**ACTIVITY**
Reproduce the records word for word, from the first line to the line containing "Vintage Wooden Pink".

Start of AVAILABLE RECORDS

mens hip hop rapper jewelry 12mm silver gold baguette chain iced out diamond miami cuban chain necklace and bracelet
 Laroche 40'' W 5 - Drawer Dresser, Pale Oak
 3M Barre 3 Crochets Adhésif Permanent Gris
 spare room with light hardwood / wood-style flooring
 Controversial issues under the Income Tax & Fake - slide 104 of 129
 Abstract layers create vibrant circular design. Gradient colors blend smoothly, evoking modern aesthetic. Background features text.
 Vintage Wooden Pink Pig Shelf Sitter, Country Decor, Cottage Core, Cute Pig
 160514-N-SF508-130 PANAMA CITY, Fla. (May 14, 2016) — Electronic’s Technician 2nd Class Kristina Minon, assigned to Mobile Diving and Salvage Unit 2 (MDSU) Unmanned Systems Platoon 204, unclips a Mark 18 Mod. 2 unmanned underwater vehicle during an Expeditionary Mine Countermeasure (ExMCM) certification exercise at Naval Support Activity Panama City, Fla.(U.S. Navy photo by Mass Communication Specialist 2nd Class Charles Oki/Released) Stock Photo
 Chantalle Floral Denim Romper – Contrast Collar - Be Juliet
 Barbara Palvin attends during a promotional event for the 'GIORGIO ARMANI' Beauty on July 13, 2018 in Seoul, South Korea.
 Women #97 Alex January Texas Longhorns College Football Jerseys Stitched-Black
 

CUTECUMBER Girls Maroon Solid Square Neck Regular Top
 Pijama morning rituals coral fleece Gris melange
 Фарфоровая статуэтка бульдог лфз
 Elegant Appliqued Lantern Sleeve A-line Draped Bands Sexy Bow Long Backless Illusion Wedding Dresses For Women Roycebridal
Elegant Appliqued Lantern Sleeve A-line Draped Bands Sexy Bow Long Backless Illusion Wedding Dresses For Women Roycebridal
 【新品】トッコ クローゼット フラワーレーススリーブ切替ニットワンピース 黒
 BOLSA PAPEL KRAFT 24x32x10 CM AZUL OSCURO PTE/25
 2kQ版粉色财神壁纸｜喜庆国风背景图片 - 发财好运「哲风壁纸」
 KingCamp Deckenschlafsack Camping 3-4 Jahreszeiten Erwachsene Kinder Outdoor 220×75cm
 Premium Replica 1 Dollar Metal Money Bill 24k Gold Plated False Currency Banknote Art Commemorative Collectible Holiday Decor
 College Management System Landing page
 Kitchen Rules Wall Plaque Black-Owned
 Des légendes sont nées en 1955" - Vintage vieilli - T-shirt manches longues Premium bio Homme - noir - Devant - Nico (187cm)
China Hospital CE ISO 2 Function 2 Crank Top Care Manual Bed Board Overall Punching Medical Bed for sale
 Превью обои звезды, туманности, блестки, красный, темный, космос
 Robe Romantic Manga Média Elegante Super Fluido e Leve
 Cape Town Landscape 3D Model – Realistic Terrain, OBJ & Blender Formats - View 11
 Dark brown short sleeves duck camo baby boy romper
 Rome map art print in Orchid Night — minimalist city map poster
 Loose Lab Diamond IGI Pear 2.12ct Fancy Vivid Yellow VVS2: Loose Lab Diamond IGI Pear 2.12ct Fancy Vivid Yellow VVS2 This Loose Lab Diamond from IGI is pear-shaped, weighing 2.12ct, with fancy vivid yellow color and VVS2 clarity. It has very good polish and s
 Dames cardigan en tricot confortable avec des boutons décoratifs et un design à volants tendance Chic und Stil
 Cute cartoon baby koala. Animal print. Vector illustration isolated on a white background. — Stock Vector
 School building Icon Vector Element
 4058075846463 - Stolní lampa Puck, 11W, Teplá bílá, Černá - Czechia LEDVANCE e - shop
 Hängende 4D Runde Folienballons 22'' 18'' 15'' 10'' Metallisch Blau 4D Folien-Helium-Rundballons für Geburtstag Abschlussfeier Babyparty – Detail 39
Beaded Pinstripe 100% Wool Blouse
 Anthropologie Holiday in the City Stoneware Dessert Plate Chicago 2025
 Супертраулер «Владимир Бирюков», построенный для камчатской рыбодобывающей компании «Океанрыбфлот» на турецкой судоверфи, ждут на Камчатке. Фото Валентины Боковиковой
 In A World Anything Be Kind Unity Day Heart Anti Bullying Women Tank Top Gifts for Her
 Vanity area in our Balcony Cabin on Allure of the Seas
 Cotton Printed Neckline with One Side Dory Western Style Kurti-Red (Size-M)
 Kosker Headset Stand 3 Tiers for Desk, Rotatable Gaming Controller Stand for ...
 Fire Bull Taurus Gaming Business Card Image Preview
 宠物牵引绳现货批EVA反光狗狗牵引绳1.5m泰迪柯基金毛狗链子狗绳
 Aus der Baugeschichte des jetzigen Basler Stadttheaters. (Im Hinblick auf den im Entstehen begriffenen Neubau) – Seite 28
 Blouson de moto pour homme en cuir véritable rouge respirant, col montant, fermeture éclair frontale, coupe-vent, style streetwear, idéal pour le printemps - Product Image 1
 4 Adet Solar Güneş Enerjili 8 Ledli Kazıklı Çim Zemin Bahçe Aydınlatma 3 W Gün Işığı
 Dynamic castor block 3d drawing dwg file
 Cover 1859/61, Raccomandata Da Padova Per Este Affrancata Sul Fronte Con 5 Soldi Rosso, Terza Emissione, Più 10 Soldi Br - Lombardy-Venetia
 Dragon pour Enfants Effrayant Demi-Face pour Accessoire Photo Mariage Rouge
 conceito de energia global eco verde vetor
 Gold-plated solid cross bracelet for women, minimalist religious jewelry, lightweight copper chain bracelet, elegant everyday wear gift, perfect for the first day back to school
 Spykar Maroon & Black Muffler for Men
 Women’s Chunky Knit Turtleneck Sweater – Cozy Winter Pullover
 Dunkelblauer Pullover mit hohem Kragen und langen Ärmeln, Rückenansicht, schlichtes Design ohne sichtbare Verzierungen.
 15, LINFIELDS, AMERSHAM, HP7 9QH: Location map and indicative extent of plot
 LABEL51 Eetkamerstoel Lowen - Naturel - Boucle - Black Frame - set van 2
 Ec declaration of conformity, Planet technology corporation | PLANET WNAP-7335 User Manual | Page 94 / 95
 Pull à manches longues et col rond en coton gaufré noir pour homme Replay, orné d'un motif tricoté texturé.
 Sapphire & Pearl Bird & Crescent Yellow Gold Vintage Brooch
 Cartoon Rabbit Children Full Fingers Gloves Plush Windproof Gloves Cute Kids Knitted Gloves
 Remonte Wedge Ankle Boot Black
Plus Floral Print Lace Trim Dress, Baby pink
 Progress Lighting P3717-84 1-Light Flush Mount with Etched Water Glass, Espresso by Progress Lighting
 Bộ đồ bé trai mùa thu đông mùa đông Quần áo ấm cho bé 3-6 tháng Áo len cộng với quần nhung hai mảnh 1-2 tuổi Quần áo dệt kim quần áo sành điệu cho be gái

End of AVAILABLE RECORDS

**WRITTEN RESPONSE**
mens hip hop rapper jewelry 12mm silver gold baguette chain iced out diamond miami cuban chain necklace and bracelet
 Laroche 40'' W 5 - Drawer Dresser, Pale Oak
 3M Barre 3 Crochets Adhésif Permanent Gris
 spare room with light hardwood / wood-style flooring
 Controversial issues under the Income Tax & Fake - slide 104 of 129
 Abstract layers create vibrant circular design. Gradient colors blend smoothly, evoking modern aesthetic. Background features text.
 Vintage Wooden Pink Pig Shelf Sitter, Country Decor, Cottage Core, Cute Pig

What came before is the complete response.